Find the word "table" in the records below. List each line containing it.

--- Data shown ---

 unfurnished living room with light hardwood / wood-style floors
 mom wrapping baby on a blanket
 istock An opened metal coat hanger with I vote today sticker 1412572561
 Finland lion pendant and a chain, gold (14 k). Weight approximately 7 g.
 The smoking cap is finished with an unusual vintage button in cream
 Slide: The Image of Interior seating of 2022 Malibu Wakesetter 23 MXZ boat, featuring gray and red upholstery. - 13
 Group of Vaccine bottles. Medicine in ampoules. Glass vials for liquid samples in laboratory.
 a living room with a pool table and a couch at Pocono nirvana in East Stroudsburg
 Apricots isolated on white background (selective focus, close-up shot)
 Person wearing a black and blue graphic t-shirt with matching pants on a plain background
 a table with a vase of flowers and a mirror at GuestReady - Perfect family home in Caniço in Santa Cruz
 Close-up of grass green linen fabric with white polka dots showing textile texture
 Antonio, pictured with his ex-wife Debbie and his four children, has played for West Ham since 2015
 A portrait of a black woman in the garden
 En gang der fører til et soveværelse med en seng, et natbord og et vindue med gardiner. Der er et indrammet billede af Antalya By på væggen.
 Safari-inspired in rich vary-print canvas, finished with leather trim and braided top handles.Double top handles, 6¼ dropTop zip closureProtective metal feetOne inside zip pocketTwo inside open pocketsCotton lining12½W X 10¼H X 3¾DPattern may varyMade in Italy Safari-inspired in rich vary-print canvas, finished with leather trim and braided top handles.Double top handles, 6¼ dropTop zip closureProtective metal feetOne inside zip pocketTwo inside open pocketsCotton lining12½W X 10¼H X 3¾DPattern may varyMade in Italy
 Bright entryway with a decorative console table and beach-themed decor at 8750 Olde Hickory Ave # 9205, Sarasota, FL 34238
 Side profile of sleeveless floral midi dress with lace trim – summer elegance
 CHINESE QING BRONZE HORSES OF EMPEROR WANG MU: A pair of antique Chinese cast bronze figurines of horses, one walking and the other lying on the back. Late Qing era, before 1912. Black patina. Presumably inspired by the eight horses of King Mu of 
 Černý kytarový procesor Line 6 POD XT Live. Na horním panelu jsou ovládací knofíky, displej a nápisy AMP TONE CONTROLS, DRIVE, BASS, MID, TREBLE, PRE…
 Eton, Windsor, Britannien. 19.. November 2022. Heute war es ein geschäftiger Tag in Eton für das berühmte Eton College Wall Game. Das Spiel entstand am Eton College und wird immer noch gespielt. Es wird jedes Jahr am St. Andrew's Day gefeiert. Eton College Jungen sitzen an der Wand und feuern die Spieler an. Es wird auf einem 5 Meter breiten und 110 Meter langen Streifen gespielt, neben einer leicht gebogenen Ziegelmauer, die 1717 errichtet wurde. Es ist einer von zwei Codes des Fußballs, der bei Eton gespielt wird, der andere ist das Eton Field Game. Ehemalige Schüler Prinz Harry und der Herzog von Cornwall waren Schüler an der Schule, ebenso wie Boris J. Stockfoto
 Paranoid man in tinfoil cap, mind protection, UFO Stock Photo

---

Exercise answer —
 a living room with a pool table and a couch at Pocono nirvana in East Stroudsburg
 a table with a vase of flowers and a mirror at GuestReady - Perfect family home in Caniço in Santa Cruz
 Bright entryway with a decorative console table and beach-themed decor at 8750 Olde Hickory Ave # 9205, Sarasota, FL 34238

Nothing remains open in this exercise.